Saturday, March 6, 2010

Hay Bales: Barley Fields II, Idaho Landscapes in oil

" Barley Fields: Hay Bales I "
Copyright 2010 J. Bellinger
11"x 14"
A plein air painting from last fall. I usually paint smaller panels outdoors, 6x8 or 8x10, but I felt brave that day. The larger size made me work faster, which is a goal of mine. Less dawdling, more decisive brushwork, palette knife, too.

Friday, March 5, 2010

Cherry Jumble II, Art Tip #23

" Cherry Jumble II "Copyright 2009 J. Bellinger
I kept forgetting to post this little painting completed last summer. It is one of the series, including the baby shoes, that I did with the objects laying on plate glass with black paper underneath. I love the design possibilities with the reflections.

Art Tip #23: When setting up/arranging a still life take your time. Play with many different arrangements. You are in total control of the composition. Composition first, then value and then color.
Walk around your home looking for objects to paint. See what inspires you. Tell a story with those objects you choose. Get the lighting right..take time seeing how the light falls on the set up objects. Look through a view finder to crop out background. I use a box with two sides and a top to isolate my set up and light from other areas of the room. I can line it with fabric, paper, etc. Look at how different colored backgrounds reflect on the objects (use a small cardboard with hole punched in it. I call this a color isolator. It allows you to "see" actual colors which are influenced by direct light, reflected light/color from other objects, background, etc.
Painting from life will improve your skills and develop your eye.

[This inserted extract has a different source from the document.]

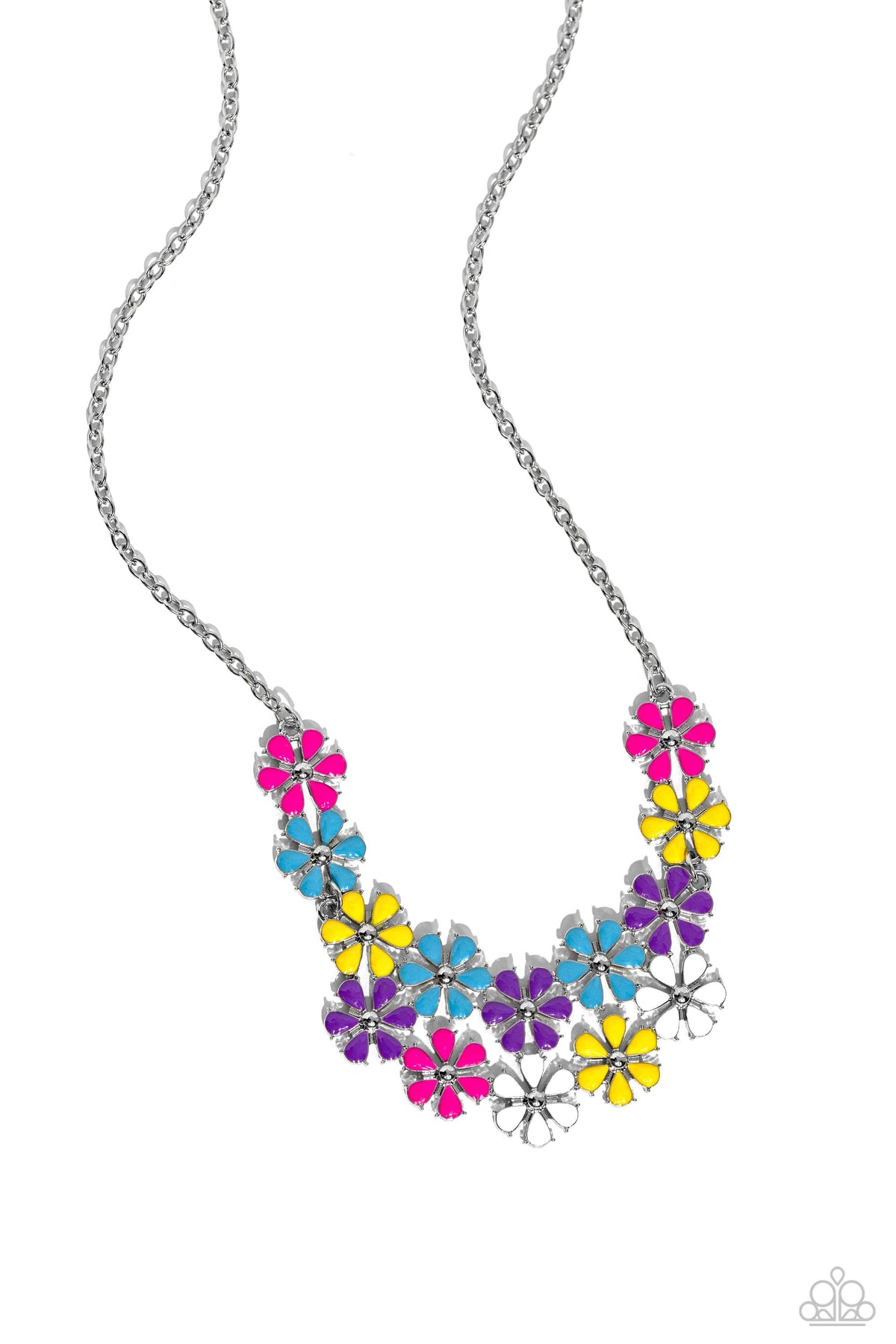 Floral Fever Multi Flower Necklace - Paparazzi Accessories- lightbox - CarasShop.com - Paparazzi Jewelry by Cara Jewels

Saturday, January 16, 2010

Plein Air, Hay Bales, French Easel, Art Tip #22 Brush strokes

" Painting the Barley Fields"
Copyright 2010 J.Bellinger
5"x 7"
Private Collection

The reference for this little painting was a photo I took of my good friend and student, Vickie. The ranch we are on is the same one with the old dairy barn (previous post). It was a very hot day and soon after we had our easels set up the automatic sprinklers came on..while it felt refreshing we scrambled to move our set-ups out of the reach of the sprinklers.

Art Tip 22#: Use the largest brush you can to get the job done. This will help you stay "loose" with your brushstrokes. For tiny paintings, 6x6, 6x8, 5x7 I try to use #6 or #4 bright for the whole painting.

Use all edges, sides, tip, corners of the brush. Put the stroke down and leave it. Try to hold back any blending til the may not need any blending. The action of laying one color over or next to another can result in all the blending needed. Don't forget to get back from your painting..the eye can do the blending. Result: a fresher more painterly feeling.

Daily painting, Sheep, Domestic animals

" Trailing of the Sheep II "
Copyright 2010 J. Bellinger
6"x 6"
An alternate title to this little painting could be "Happy Sheep"...I really enjoyed painting this image. The day I photographed the sheep going past my house was warm and sunny. I stood low in the barrow behind a phone terminal box to be obscure and not frighten the sheep. This put me at eye level with them and I loved the shots I took.